22

Machine learning research papers often treat learning and inference as two separate tasks, but it is not quite clear to me what the distinction is. In this book for example they use Bayesian statistics for both kinds of tasks, but do not provide a motivation for that distinction. I have several vague ideas what it could be about, but I would like to see a solid definition and perhaps also rebuttals or extensions of my ideas:

  • The difference between inferring the values of latent variables for a certain data point, and learning a suitable model for the data.
  • The difference between extracting variances (inference) and learning the invariances so as to be able to extract variances (by learning the dynamics of the input space/process/world).
  • The neuroscientific analogy might be short-term potentiation/depression (memory traces) vs long-term potentiation/depression.
Lenar Hoyt
  • 883
  • 1
  • 8
  • 15
  • 5
    Not sure whether this helps, but in statistics one distinction is between whether you want to think about learning as inference (mostly Bayes) or as estimation (mostly Frequentist). For the former, learning about everything - latent variables, parameters, predictions, models - is an inference (which returns a distribution). For the latter some learning problems may be an inference and others an estimation problem (which returns an estimate and sampling-theoretically motivated uncertainty range for it). – conjugateprior Apr 03 '16 at 17:16
  • 5
    "Learning" is just an evocative metaphor for the process of training a machine learning algorithm. I don't think there's much insight to be gained here. – Sycorax Apr 03 '16 at 17:40
  • I found interesting answers on Quora, but perhaps someone can elaborate a bit more: https://www.quora.com/What-is-the-difference-between-inference-and-learning – Lenar Hoyt Apr 03 '16 at 18:42
  • 2
    Possible duplicate of [The Two Cultures: statistics vs. machine learning?](http://stats.stackexchange.com/questions/6/the-two-cultures-statistics-vs-machine-learning) – Winks Apr 03 '16 at 19:05
  • 1
    @Winks Did you read the linked question *at all*? None of the answers makes the distinction I am asking for explicit. – Lenar Hoyt Apr 03 '16 at 19:20
  • 1
    @conjugateprior In machine learning, no one would say that "learning about everything - latent variables, parameters, predictions, models - is an inference". Learning and inference are considered totally separate even though they both can produce distributions. – Neil G Apr 03 '16 at 19:42
  • 1
    Learning is the process of gaining the ability to do correct inference... – user541686 Apr 03 '16 at 20:23
  • @NeilG ok, but I was explicitly sketching a statistics distinction not anything involving ML. That said, 'probabilistic inference for as much as possible, except when we have to approximate' seems to be the guiding framework for, e.g.
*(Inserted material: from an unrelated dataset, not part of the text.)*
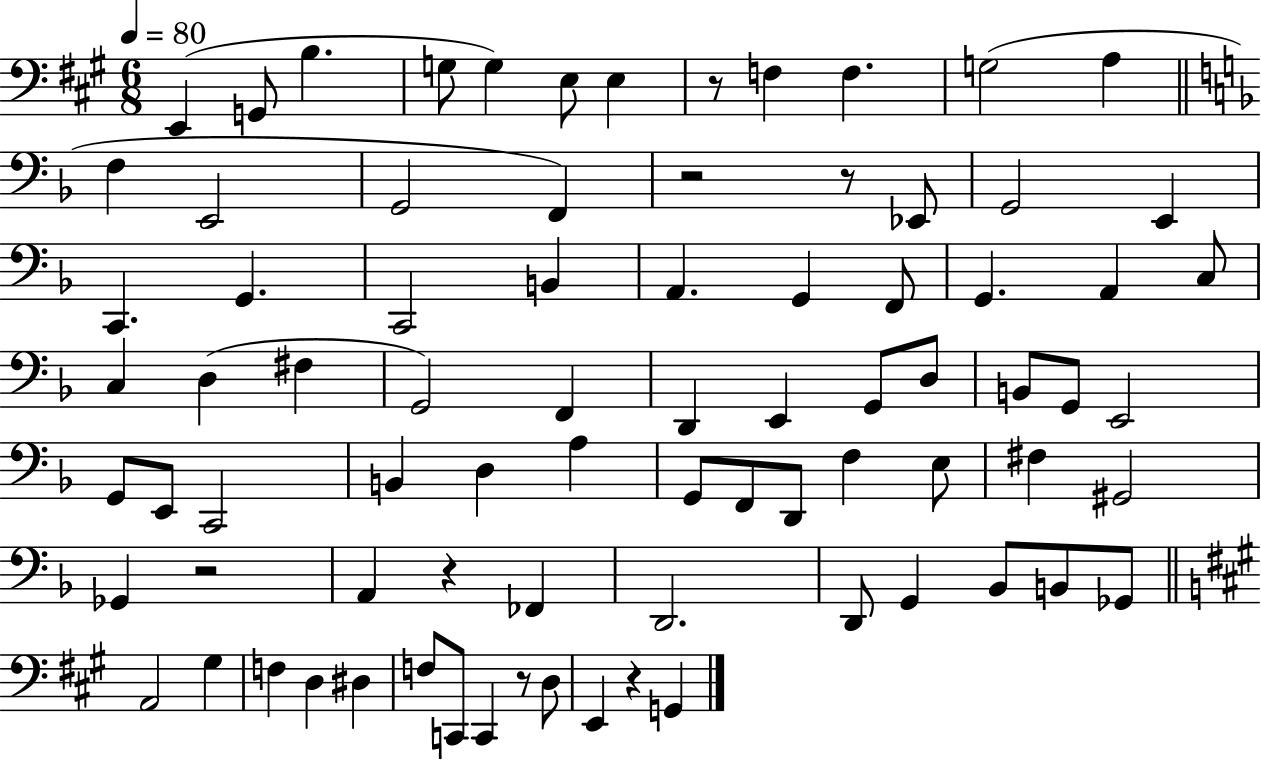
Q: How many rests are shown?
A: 7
Murphy 2012, and Bishop 2007, which are somewhat influential ML texts. – conjugateprior Apr 03 '16 at 22:03
  • @conjugateprior: You're right. It looks like Bishop's textbook uses in at least some places the terms "inference" to mean learning and "decision" to mean inference. The energy-based model framework (Le Cun, Bengio, et al.) is gaining a lot of traction in the "deep learning" community, which are the terms I prefer. Whichever terms you use, I do think you should keep a distinction between these two fundamentally different concepts. – Neil G Apr 03 '16 at 22:20
  • @NeilG No disagreement there: they are different concepts. On a previous comment: it was the 'no one would say' line above that caught my eye, since I've heard both Murphy and Bishop say it :-) – conjugateprior Apr 03 '16 at 22:47
  • @conjugateprior Yeah, thanks for the correction. I'll update my answer. – Neil G Apr 04 '16 at 04:04
  • @Sycorax, you should consider expanding your comment into an answer. – knrumsey Mar 18 '19 at 20:35
  • With respect to Machine Learning, Inference is "how do we obtain answers to relevant questions about the world". Learning is finding the model parameters that fits best to the data in hand. [Source from Stephano Ermon's CS-228 course](https://ermongroup.github.io/cs228-notes/preliminaries/introduction/#inference ) [Certain types of inferences, CS-228](https://ermongroup.github.io/cs228-notes/#inference) – barvin04 Feb 16 '21 at 14:22

4 Answers4

16

I agree with Neil G's answer, but perhaps this alternative phrasing also helps:

Consider the setting of a simple Gaussian mixture model. Here we can think of the model parameters as the set of Gaussian components of the mixture model (each of their means and variances, and each one's weight in the mixture).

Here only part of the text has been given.